The following discussion is an archived debate. Please do not modify it. To request review of this BRFA, please start a new section at WT:BRFA. The result of the discussion was  Approved.

Operator: ST47 (talk · contribs · SUL · edit count · logs · page moves · block log · rights log · ANI search)

Time filed: 07:33, Sunday, December 1, 2019 (UTC)

Function overview: Block IP addresses belonging to open proxies, public VPN services, and web hosts.

Automatic, Supervised, or Manual: Automatic

Programming language(s): Combination of Python and Perl

Source code available: No, to protect sources and testing methods. Mostly uses pywikibot to interact with the wiki.

Links to relevant discussions (where appropriate): WP:NOP authorizes open proxies to be blocked, Wikipedia:Bots/Requests for approval/ProcseeBot demonstrates that a bot may be used for this task.

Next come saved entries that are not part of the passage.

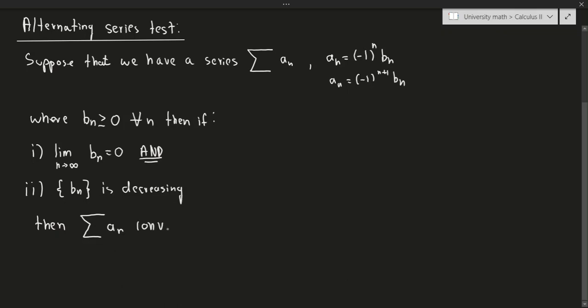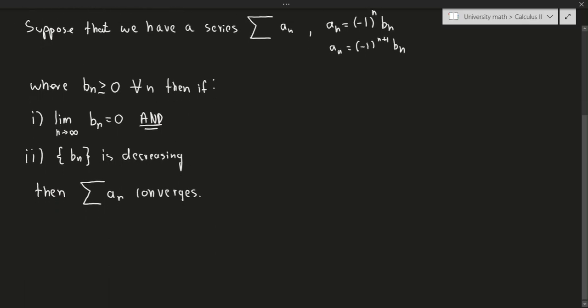Note this says nothing about divergence. In order to prove divergence for an alternating series, we'd have to use something else. But this is a test for convergence. So let's do a few examples.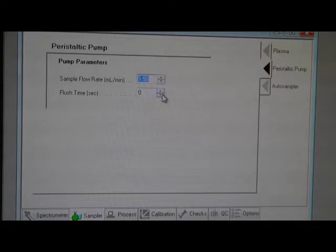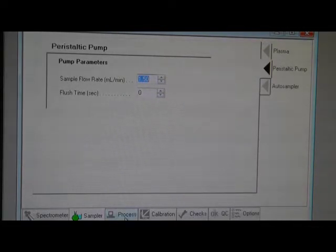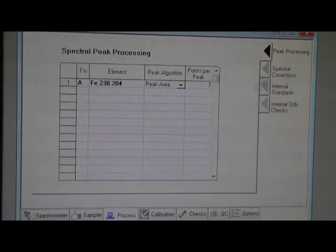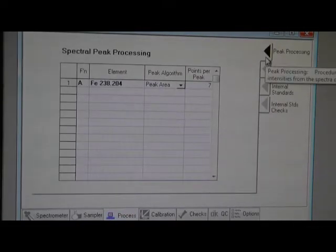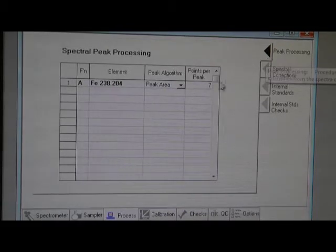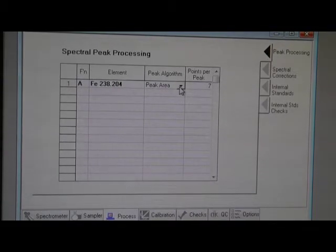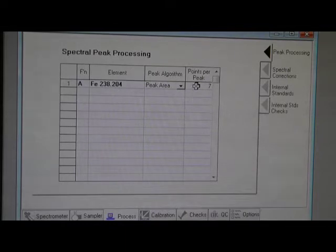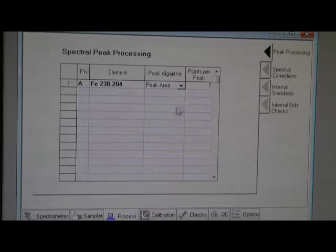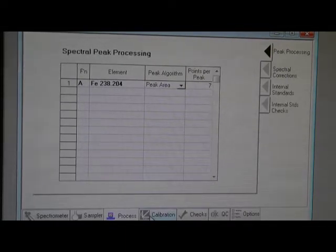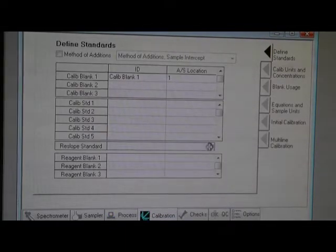Next one is the process. Peak process: peak area 7. And then go to next, is calibration.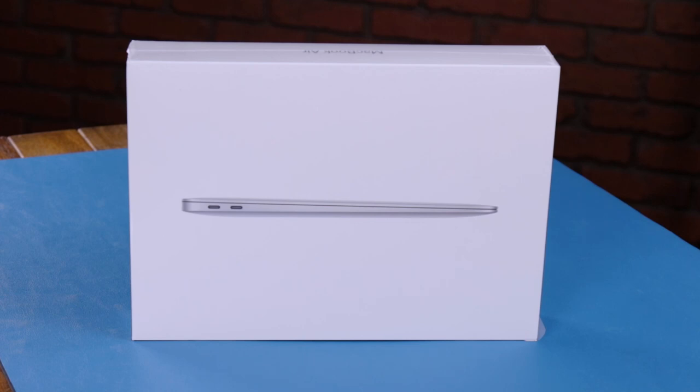Hey everybody! Today we've got a brand new 2018 13-inch MacBook Air here, which we're gonna unbox and take a quick peek inside.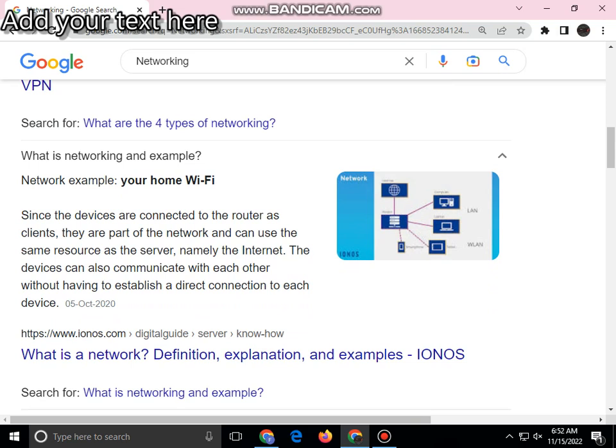A networking example is a home Wi-Fi. The device will be connected to the router as a client, making it part of the network. Devices can also connect with each other without having to establish a direct connection to each individual device.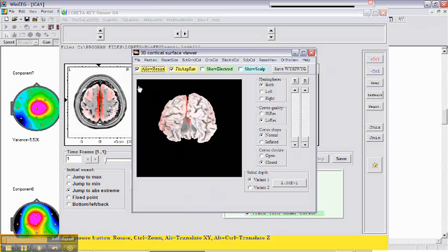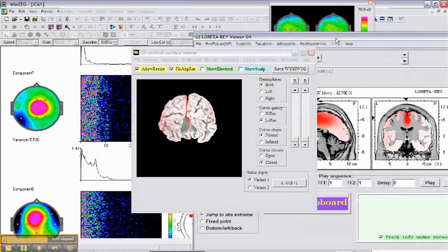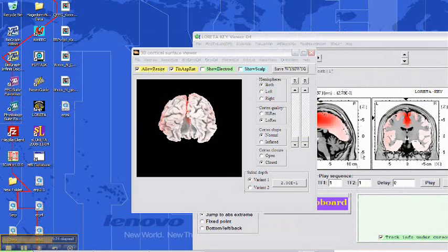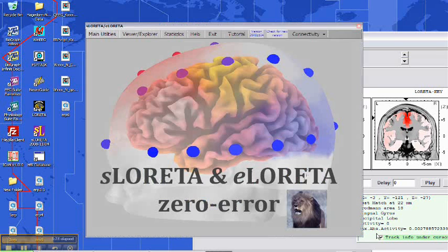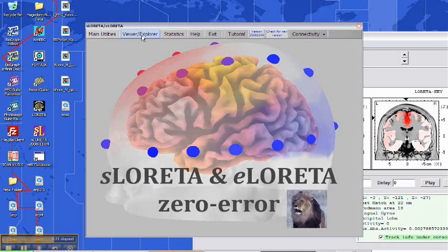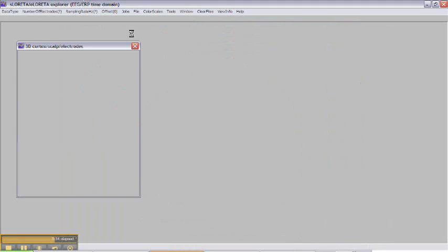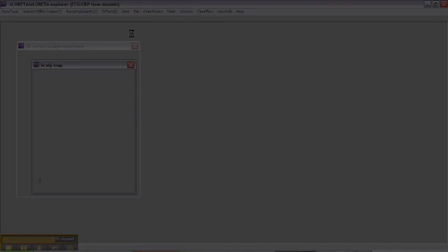But you can also do Accelerator imaging. You have to download Accelerator. Then you have to InView Explorer.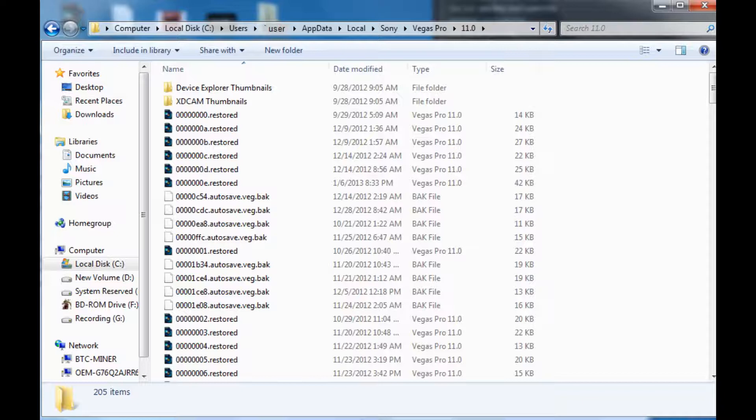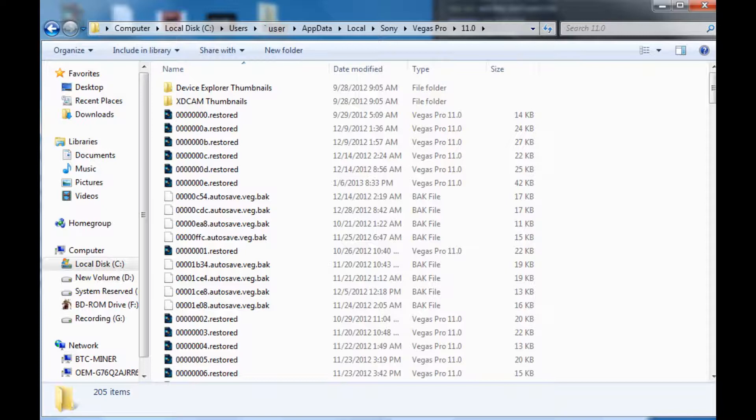Once you get in there, it'll have a whole bunch of auto saves. It may not be the most current project if it crashed right after you did something, but I don't know what the time frame that Vegas saves is. But if you rename these .bak files, you delete that part of it, and then when it prompts you are you sure you want to rename it, if you do that and double click on it, it'll open that project.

Edit period(s): Continuously

Estimated number of pages affected: Initially a higher rate due to a large number of not-currently-blocked proxies, once it reaches steady state, probably about 100 logged actions per day.

Namespace(s): None

Exclusion compliant (Yes/No): No, not applicable

Adminbot (Yes/No): Yes

Function details: WP:NOP states that open proxies may be blocked at any time. Open proxies allow editors to evade blocks, avoid detection, or appear to be multiple users when they were actually only one person. Waiting until these proxies are abused is not practical, as multiple easily-searchable websites advertise thousands of such proxies. The number of blocks to be made is high enough that automation is required.

There is already a bot approved for this task. However, it is beneficial to have multiple independent tools. There are a large number of data sources out there, and I've already been able to find a number of proxies that I can access, but which haven't been blocked. I'm sure others can find things that I can't. Since this involves trying to test the proxies, operators in different geographical areas or homed to different ISPs may have different views on the internet, one ISP may "blackhole" a network that hosts a lot of malicious proxies while another ISP may not, or one bot might have an outage of some sort while another is still running normally.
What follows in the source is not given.